For educators, a plain distinction needs to be made between community service and service learning. When youth engage in service learning, it involves more than arriving at a soup kitchen or a park and serving food or cleaning up. It begins with preparation and learning about the particular problem area or context the service experience will address and, ideally, is linked to academic subject matter being studied.

So, preparation for a soup kitchen visit can involve learning about homelessness, poverty, or nutrition. Cleaning up a park can be linked to geography, environmental conservation, or community recreation.

After preparation comes action. This step should respond to actual community needs, be age appropriate and well organized, achieve specific benefits for the setting, and build specific skills in those carrying out the service. It should also involve direct collaboration with the recipients of the service, and should be genuine and personally meaningful, generating emotional consequences that can build empathy and challenge preexisting ideas and values.

It is widely agreed that the next component -- reflection -- is the hallmark of high-quality service learning.

At a minimum, reflection is guided, can occur in a range of modalities, typically is shared, and involves recalling elements of the service experience. It should also relate those experiences to prior situations, beliefs, and learning, asking questions, and coming up with solutions to problems, as well as considering the meaning of involvement for one's current and future identity.

The reflection process also provides an opportunity for feedback and skill building and development necessary to be more effective at the tasks the service activities encompass.

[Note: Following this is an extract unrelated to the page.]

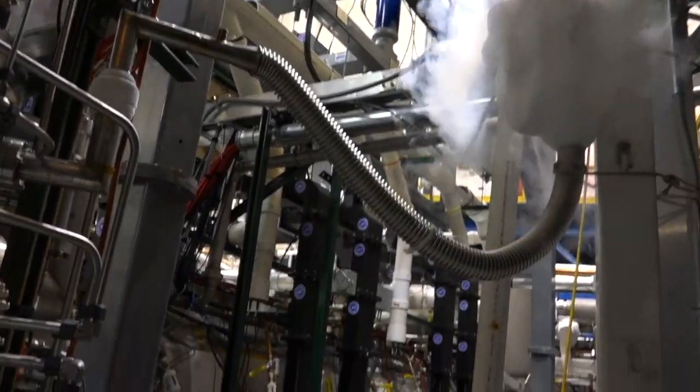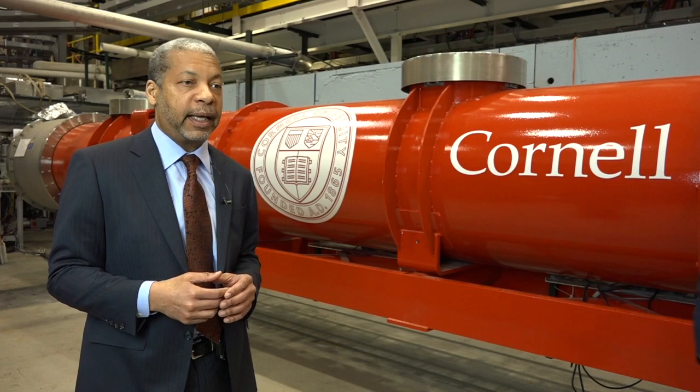In our first attempt at time travel, we have brought back a Cornell Engineering student from the class of 1962. And I have him here with me today. Hello, sir. Welcome to the future.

Finally, service learning includes demonstration and celebration. Those engaged in service learning share their experience with others, including their academic and social and emotional learning.

The Benefits

When students prepare for sharing with others, their learning is also deepened. They might need to make a set of charts related to nutrition and present those to parent and community groups, or organize an assembly and create stations illustrating for fellow students all the various activities needed to preserve a park and why doing so is important.

Service learning is a remarkable and powerful pedagogy because it focuses on the specific needs of communities and it is concerned with individual wellness, building strengths, fostering collaboration, promoting social justice, empowering participation, enhancing a sense of community, and respecting diversity. It gives voice to the rarely heard and underserved. There is a strong research base documenting, that, when implemented rigorously, service learning can have quite an impact.

A recent report provided an excellent summary of findings consistently showing benefits in social and emotional competencies, civic commitment, academic outcomes, and career planning to those carrying out the service. Recipients also benefit more from service-learning experiences than from those experiences characterized as community service.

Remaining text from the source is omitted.